Static and Dynamic properties of a Fermi-gas of cooled atoms near a wide Feshbach resonance

TL;DR

This paper introduces the Global Spin Model to analyze static and dynamic behaviors of ultracold fermionic gases near broad Feshbach resonances, revealing high sensitivity of molecular production and BCS condensate formation.

Contribution

The study presents a novel theoretical framework that simplifies the molecular production process to a Landau-Zener problem, highlighting the effects of strong interactions and initial conditions.

Findings

Molecular production is highly sensitive to initial magnetic field values.

A large BCS condensate forms over a broad momentum range.

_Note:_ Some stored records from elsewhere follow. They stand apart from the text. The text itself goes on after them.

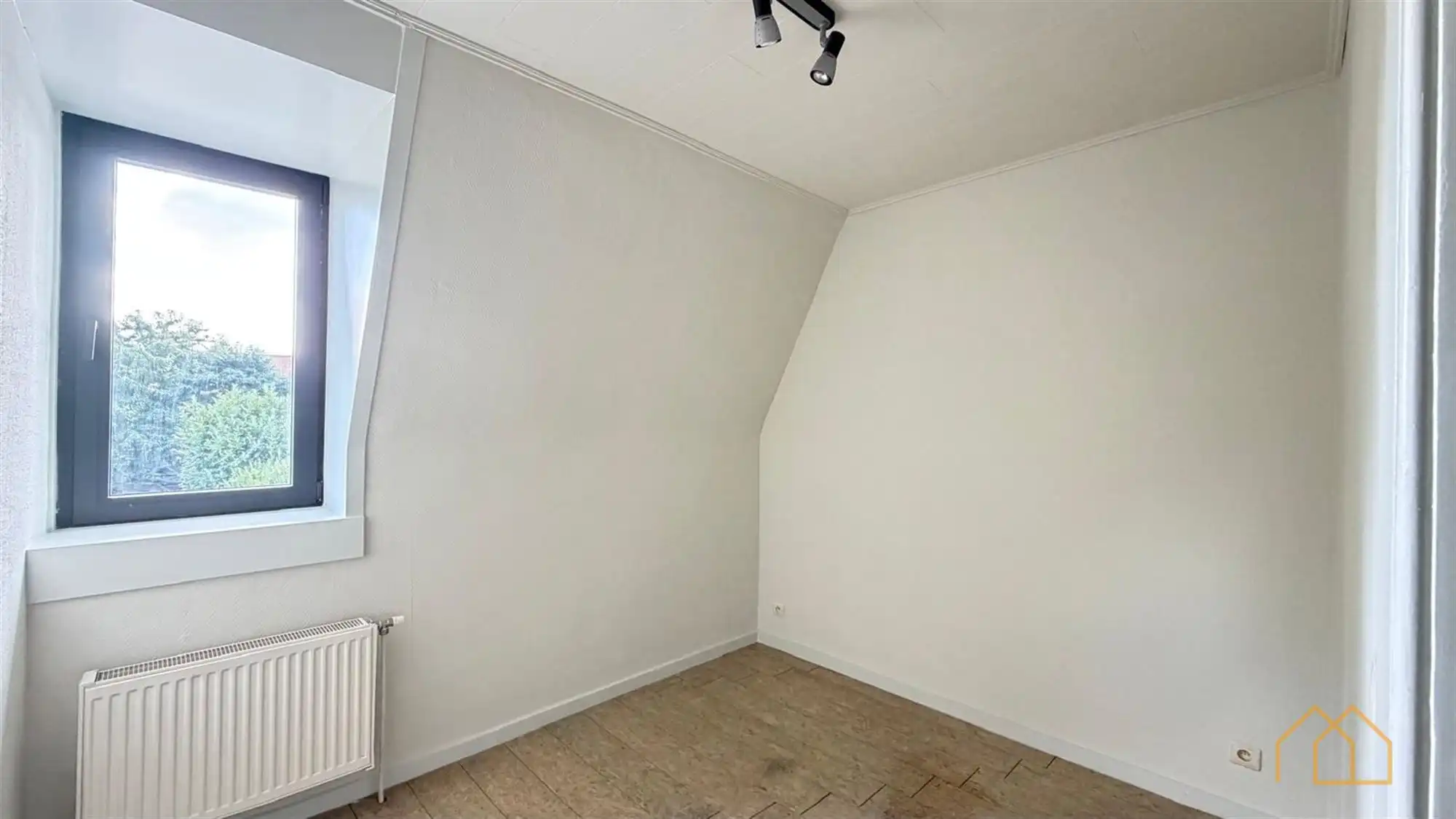 Gerenoveerde rijwoning met tuin foto 17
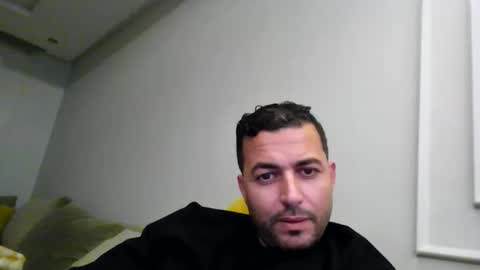 Snapshot of genteldevil chatting on March 21, 2:49 am genteldevil online show from March 21, 2:49 am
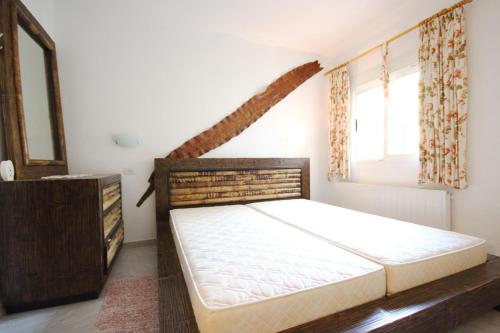 Casas de TorratにあるChalet Carrio Park 5Bのベッドルーム1室(ベッド1台付)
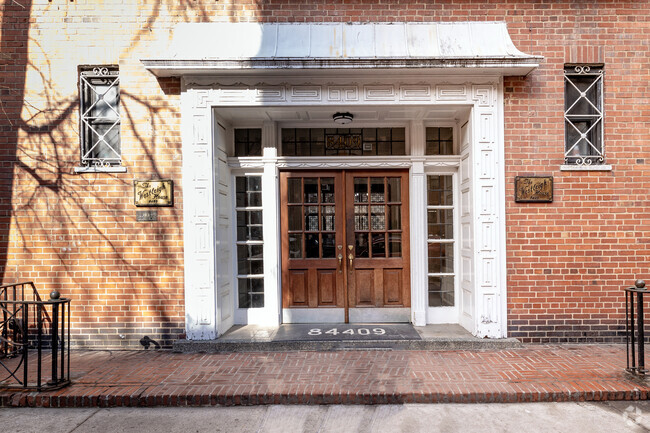 Entrance - The Westleigh House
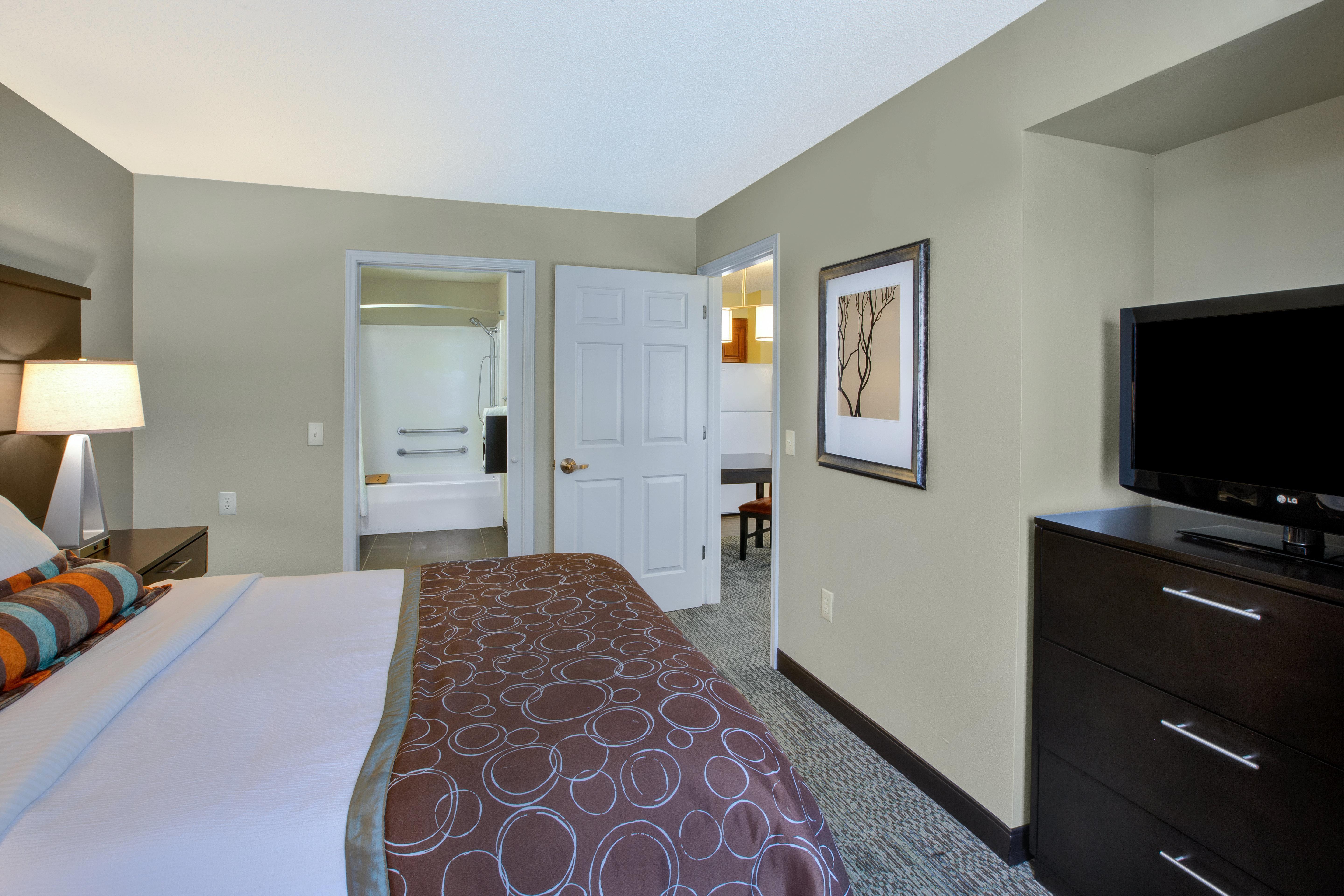 Staybridge Suites Louisville - East By Ihg Kültér fotó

The model predicts condensate amplitude dependence on detuning and sweep rate.

Abstract

We introduce the Global Spin Model to study the static and dynamic properties of the ultracold fermionic gas near the broad Feshbach resonance. We show that the problem of molecular production, in a single-mode approximation, is reduced to the linear Landau-Zener problem for operators. The strong interaction leads to significant renormalization of the gap between adiabatic levels. In contrast to static problem the close vicinity of exact resonance does not play substantial role. Two main physical results of our theory is the high sensitivity of molecular production to the initial value of magnetic field and generation of a large BCS condensate distributed over a broad range of momenta in a wide range of parameters. We calculate the amplitude of the condensate as function of the initial detuning and the rate of the magnetic field sweep.